Make sure any attorney you use is personally recommended by others who are involved in this area of business. Just because they are on a list provided by the state bar does not mean anything--nobody vets those lists very much, and anyone can be on them. Then have a conversation with the ones you think you may be interested in, and evaluate whether they can communicate with you effectively (my experience has been that some attorneys aren't skilled at this). They should be able to explain issues relevant to you in a way that you, a non-attorney, can understand.

I have used this method many times, for many purposes. As a mundane example: to buy a house in a strange town I once moved to. I kept calling lenders and agents and asking them to recommend each other. Eventually just by asking a lot of questions you start to hear the same names and find out where the cream is. Needless to say, there are plenty of lenders and agents who are crooks or just careless, and the other lenders and agents know damn well who they are. They won't outright tell you who they are--but you also won't find many people recommending them.

Most people choose others to help them for silly reasons--they like the person, or their friend or neighbor likes them or recommends them. You can come up with something more concrete than that. My personal experience has been that my friends and neighbors don't usually have a clue, but just choose people for emotional reasons.

Best of luck to you.
 
Quote from drcha:


By calling a lot of people who are investment professionals in the same area, you will find that a few of the same attorneys' names crop up. These are likely to be the respected individuals that you might want to be contacting. And by asking the same questions of everyone, you'll get an idea of where you ought to be heading education and credentials-wise. Just talk to a lot of people, and eventually the picture will start to come together.




Good strategy on seeking out attorney.
I will definately keep that in mind.
 
Quote from lindq:

I'll make this as clear as possible for you.

If you are providing ANY advice and being paid for it, you need to immediately seek the advice of an attorney who specializes in securities law. There are very specific state and federal regulations that will apply to you. And take it from my experience that they can be very confusing, and if not properly handled can put you in a world of trouble if one of your 'clients' loses money and decides to take action against you. This is especially true in today's environment.

A qualified attorney may advise that under very specific and limited circumstances you can 'advise' without registration. But you need to get that clear, and in writing, and not via a chat room.

At the very least, you will probably be advised to set up a simple corporate structure (LLC) and put all clients under contract with that entity. Under no circumstances do you ever want to do business without some protection, no matter who you are dealing with.

Regarding a series 65 and registering as an RIA, once you take that step you are putting yourself under state and federal regulations. Again, this is why you need to get serious advice before you take any actions.

And finally, IMHO, from reading your posts you are a long way from the point where you should be providing financial advice for a fee.

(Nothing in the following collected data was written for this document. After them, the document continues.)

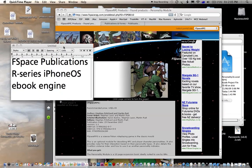Welcome. In this video we're going to discuss the R Series iPhone OS eBook engine that FSpace Publications has put together.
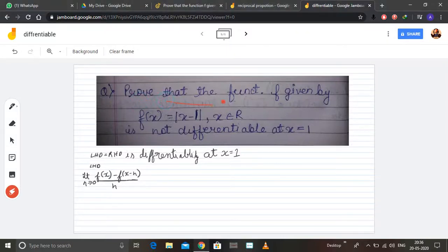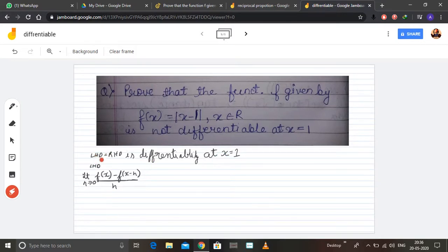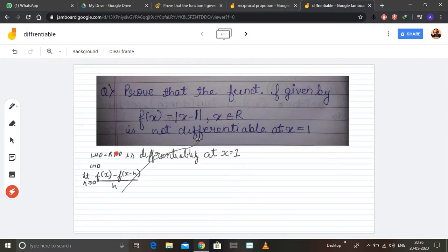We will prove that the function f(x) = |x - 1| is not differentiable at x = 1. Whenever a function is differentiable at a particular point, the left hand derivative and the right hand derivative at that point are equal. So we will compute the left hand derivative and the right hand derivative and show that they are not equal. First we will apply the formula for the left hand derivative.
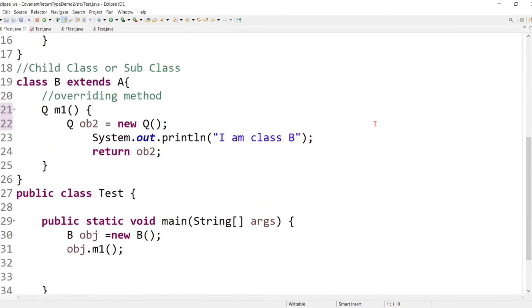So this is about covariant return type. I hope you understand the concept. For more help, you can refer to my notes linked in the description. Keep learning, keep growing, and thank you so much for watching.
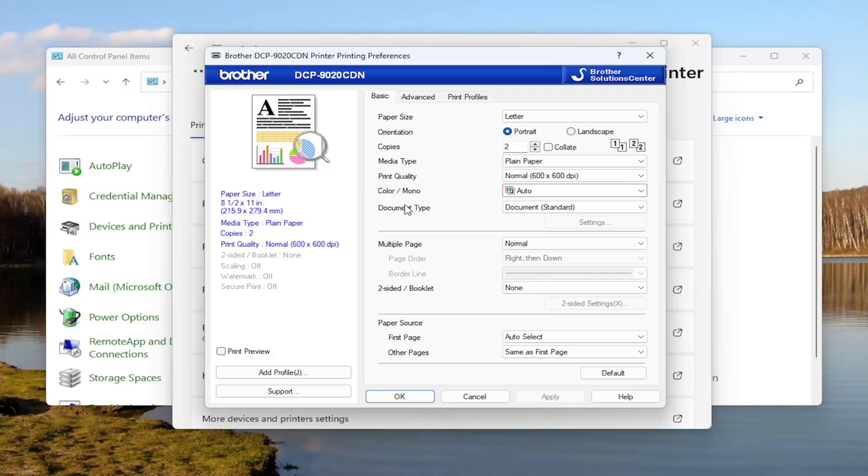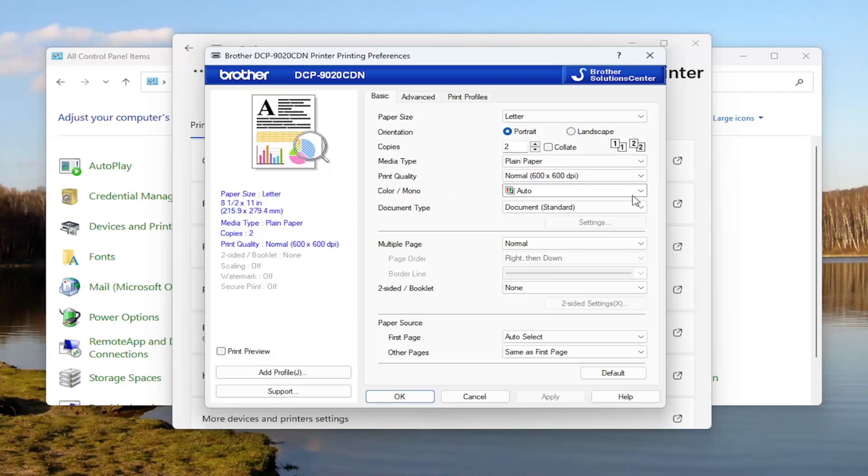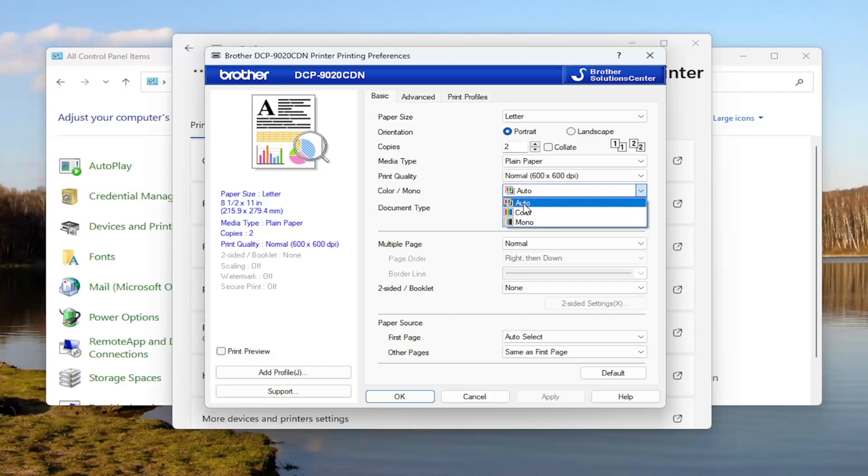And now where it says color slash mono underneath the basic tab, click on the drop down. You can select either mono color, which is just grayscale basically, color, or auto, which the printer will automatically configure those options if you select the auto option.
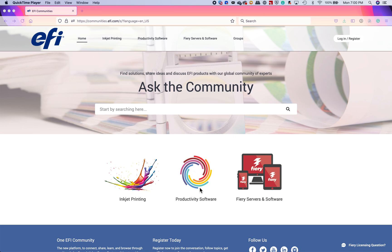Hello everyone, James Spring with EFI again, bringing you a quick video with a little more information about how our Freeform Create could be useful to your customers who do variable data. We talk about Freeform Create not being a replacement for real variable data software programs like Xerox's XMPIE or some of the other ones that are out there.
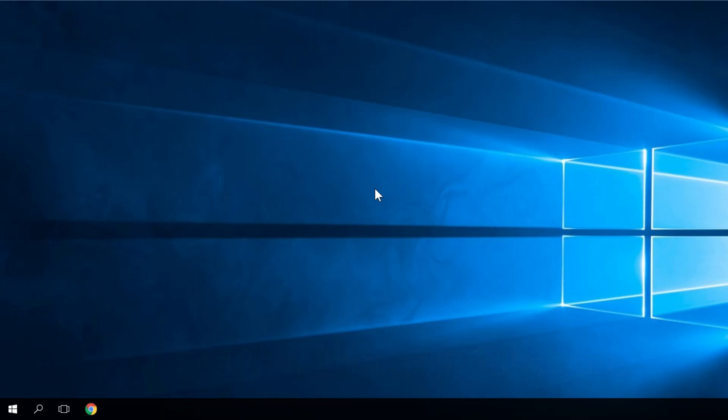And also, don't forget to subscribe to our channel, Windows Report. I was Emmanuel from WindowsReport.com. Until next time, bye bye.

Agreed up to last sentence of post. Again, like I did for someone else in an earlier clarification, this is not "financial advice" as much as it is "market" or "stock/eft individual stock investing advice". Meaning that I am serving a narrow niche of investors portfolios. Not necessarily giving advice on entire current investment porfolio. Furthermore, if you can make money for your clients first and foremost (without breaking the law), that is what counts. And just because I do not "sound" familiar with the rules and regulations and how to go about this does not mean I do not know and do not have any acumen on giving advice about future good/bad individual investment selections. After all, that is why I am on here in the first place - to gain more input on certain steps to take. One does not necessarily have anything directly to do with the other. I will not make this clarification again.
 
Quote from Now is Now:

Lets call a spade a spade....

Since this is going to be "side business" we have to assume you are already trading. Therefore, it is reasonable to ask what your trading performance is to date.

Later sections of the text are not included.